PDA

View Full Version : Why we should ignore hitter vs pitcher history



Jeffy25
10-05-2011, 07:09 PM
I thought this was a fantastic article, so it would be worth sharing.

I had read the Chapter Mano vs Mano in the Book before, but it has been awhile. So I thought this would be a great refresher for everyone.

http://www.fangraphs.com/blogs/index.php/when-you-should-ignore-the-data/


When Jim Leyland was setting his lineup for Game 3 of the ALDS, he looked to data for guidance. What he found was that Ramon Santiago was 7-for-24 in his career against CC Sabathia, giving him a .292 average against the Yankees ace. How much that played into his decision to hit Santiago second, we can’t say for sure, but he did mention this fact to reporters before the game and he did hit Santiago second last night. It’s probably safe to assume that Santiago’s history against Sabathia played some role in his placement in the lineup.

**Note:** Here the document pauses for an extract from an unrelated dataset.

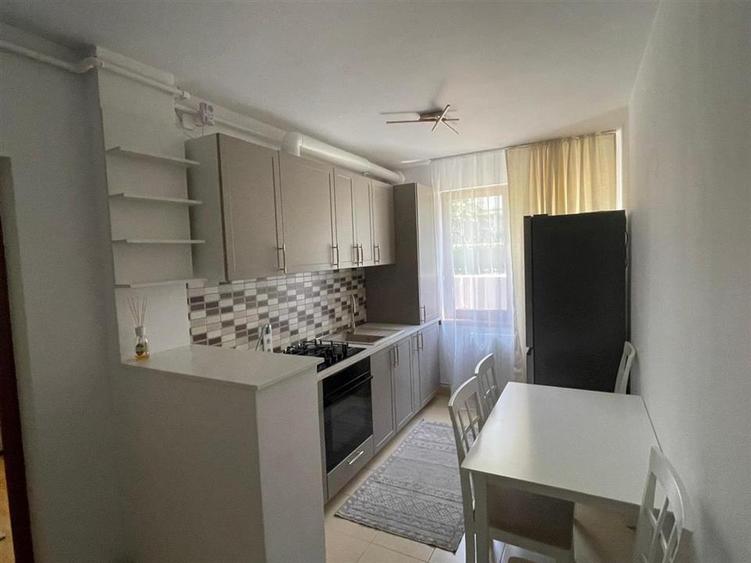 Apartament cu 3 camere semidecomandat, mobilat în Ultracentral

When Ken Rosenthal reported this on Twitter, I threw out a response about batter/pitcher match-up data in general, saying “Specific batter vs pitcher data is probably the worst use of statistics in the entire sport.”

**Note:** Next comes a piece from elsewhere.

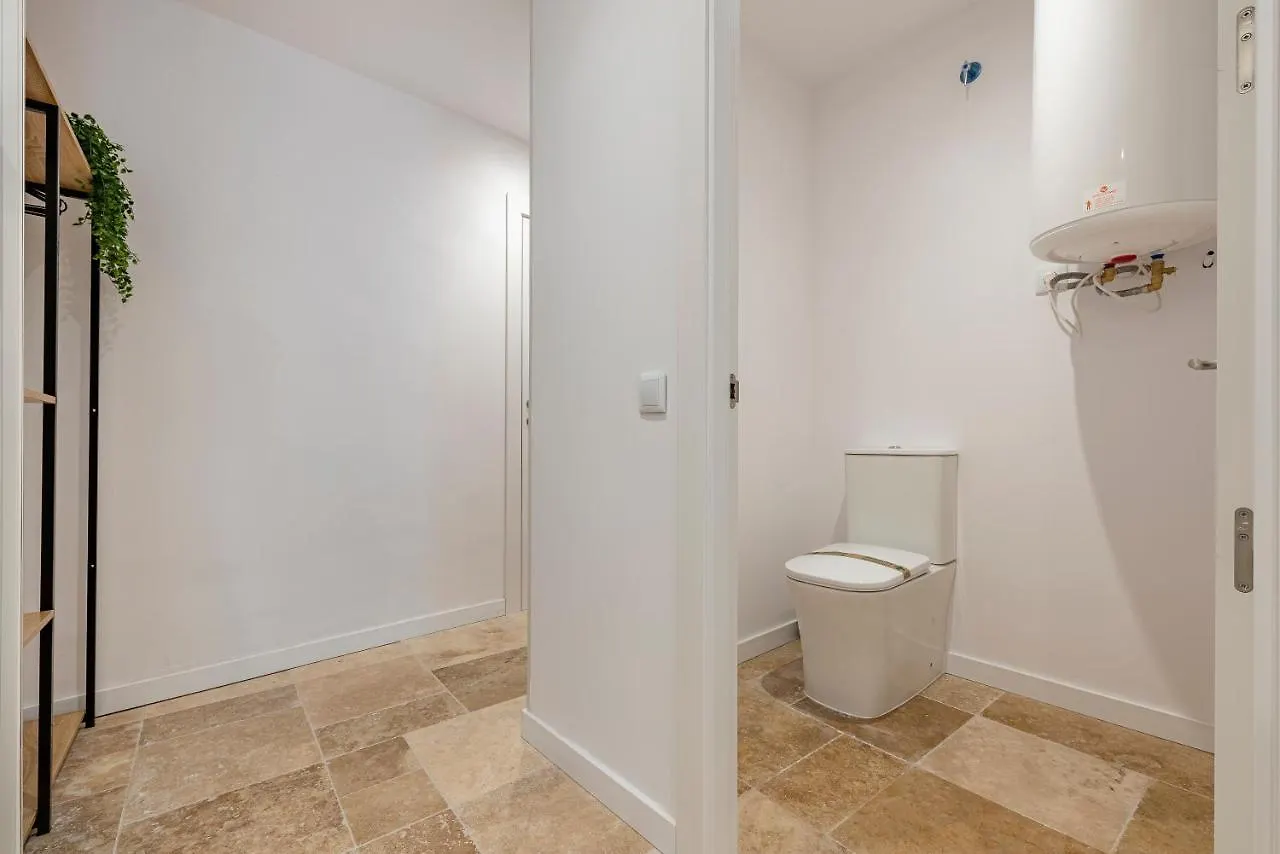 Stone Wall Apartment En Barri Port Maritim Tarragona Spain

A lot of people took umbrage at this comment, and when Ramon Santiago proceeded to go 2-for-3 off Sabathia — including a double that momentarily gave the Tigers the lead — many were happy to point out that Leyland’s move to insert Santiago worked, and thus, his decision to look to batter/pitcher match-up data was justified. There are quite a few problems with this scenario, however.

1. Santiago’s “success” against Sabathia relies on one viewing offensive capability through the lens of batting average. Santiago did enter the game hitting .292 against Sabathia, but he had never drawn a walk against him and had just one extra base hit, so his overall line against Sabathia was .292/.292/.333, good for a .625 OPS. Unless we’re still evaluating hitters like it’s 1884, Santiago’s previous performances against Sabathia should not have convinced anyone that he was likely to do well against him last night.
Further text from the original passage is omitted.